Endlager- Suche unter diesen Umständen sinnlos!!

Bis 2022 soll in Deutschland noch hoch radioaktiver und schwach radioaktiver Atommüll produziert werden. Insgesamt etwa 309 928 Kubikmeter gefährliche Abfälle. Der hoch radioaktive Müll gibt über eine Million Jahre radioaktive Strahlung an die Umgebung ab und muss deshalb besonders sicher und über eine Million Jahre gelagert werden. Die Suche nach einem geeigneten Standort in Deutschland läuft schon seit über 30 Jahren. Gorleben wird bereits seit 1980 erkundet. Die bisher als sicher geltenden Endlager Morsleben und Asse entpuppten sich als Niete. Das Endlager Asse ist undicht und säuft ab und Morsleben stürzt ein. Diese Standorte wurden der Öffentlichkeit als sichere Endlager verkauft.

Jetzt soll die Endlagersuche neu beginnen. Dafür sollen auch Standorte in Baden-Württemberg geprüft werden. In Fragen kommen Tonsteingebiete am Bodensee in Hegau, auf der schwäbischen Alb und rund um Ulm. Ton ist als Wirtsgestein geeignet, weil es wohl die Fähigkeit hat, Gase und Dämpfe aufzunehmen und zu speichern. Sie sollen ihre abdeckende, dichte Schicht sowie ihre langfristige Wirksamkeit als geologische Barriere nachgewiesen haben. Aber ist eine unterirdische Lagerung überhabt die sicherste Lösung?

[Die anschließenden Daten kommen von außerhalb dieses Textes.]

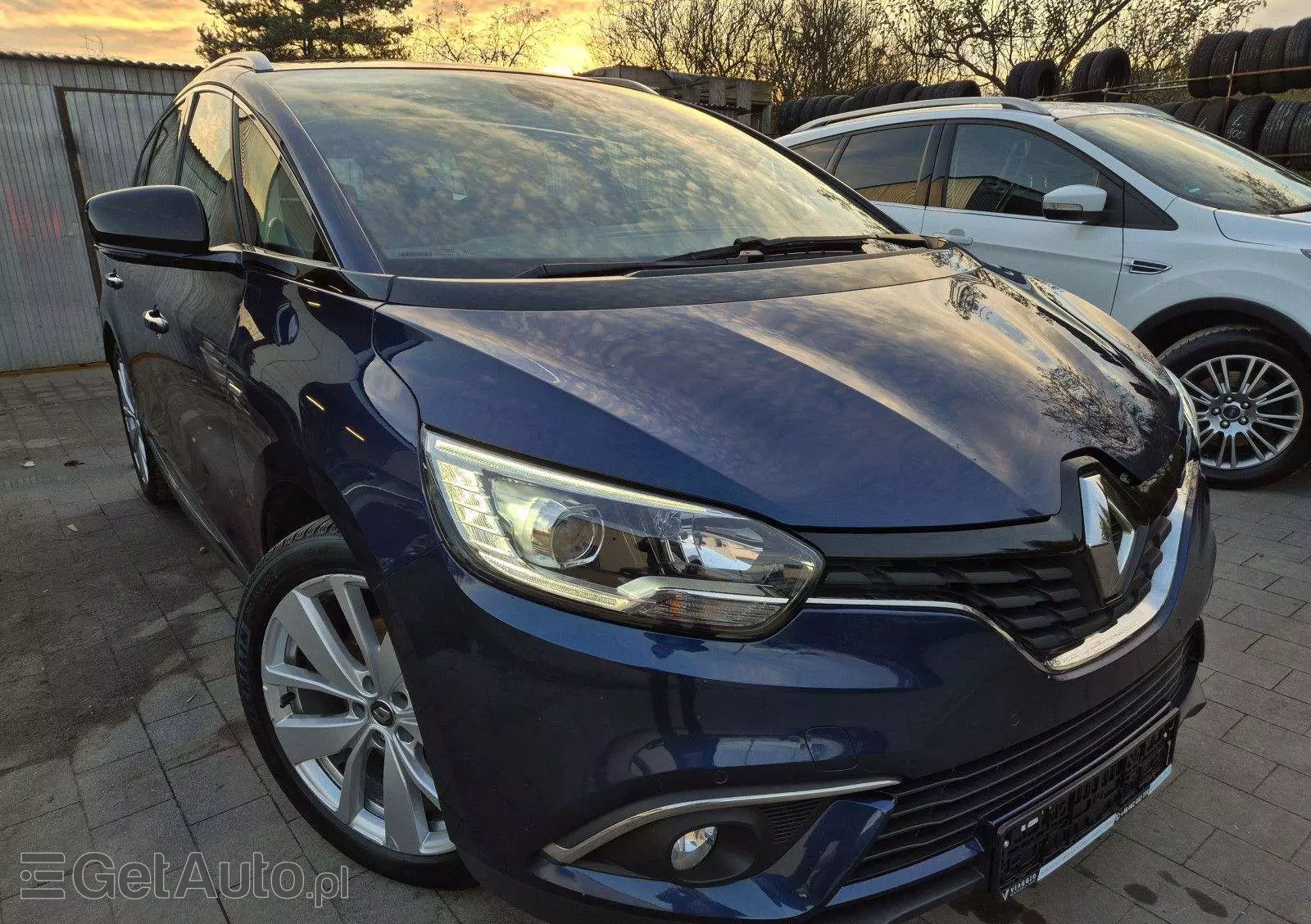 RENAULT Grand Scenic 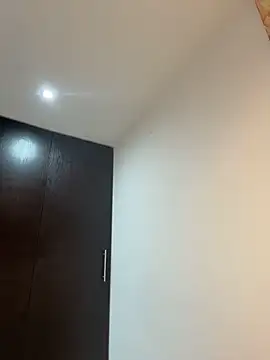 romanovanita online show from March 2026 04:57:02 AM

„Was wir brauchen, ist keine neue Endlagersuche, sondern eine öffentliche Diskussion wie hoch radioaktiver Atommüll sicher und für lange Zeit gelagert werden kann. Es gebe einige Methoden, die zu diskutieren währen, soll der Müll unterirdisch oder oberirdisch, rückhohlbar, bergbar oder verschlossen gelagert werden. Bis diese Frage nicht geklärt ist, ist eine neue Endlagersuche sinnlos“ so Benjamin Krüger Landessprecher der Linksjugend [‘solid] Baden-Württemberg.

Morsleben, Asse und Gorleben haben gezeigt, wie unvorhersehbar die unterirdische Lagerung von hoch radioaktivem Atommüll ist. Entgegen allen Erwartungen sind die Gesteine nicht sicher. Das Endlager Asse wurde, trotz aller Untersuchungen und Bestätigungen es sei sicher, undicht. Morsleben bricht in sich zusammen und die vielen Skandale in Gorleben werfen die Frage auf ob die Lagerung radioaktiven Mülls unterirdisch erfolgen müsse.

Es reicht nicht aus nur Transparenz für die Endlagersuche zu fordern wie es der Grüne Ministerpräsident Winfried Kretschmann macht. Die Grün-Rote Landesregierung sollte den Prozess eines Neuanfangs bei der Suche nach einem Endlager vorantreiben. Neuanfang würde bedeuten, die Methoden für die sicherste Lagerung von radioaktivem Atommüll zu klären. Für diese Klärung ist größtmögliche Transparenz notwendig so wie die Beteiligung der Öffentlichkeit.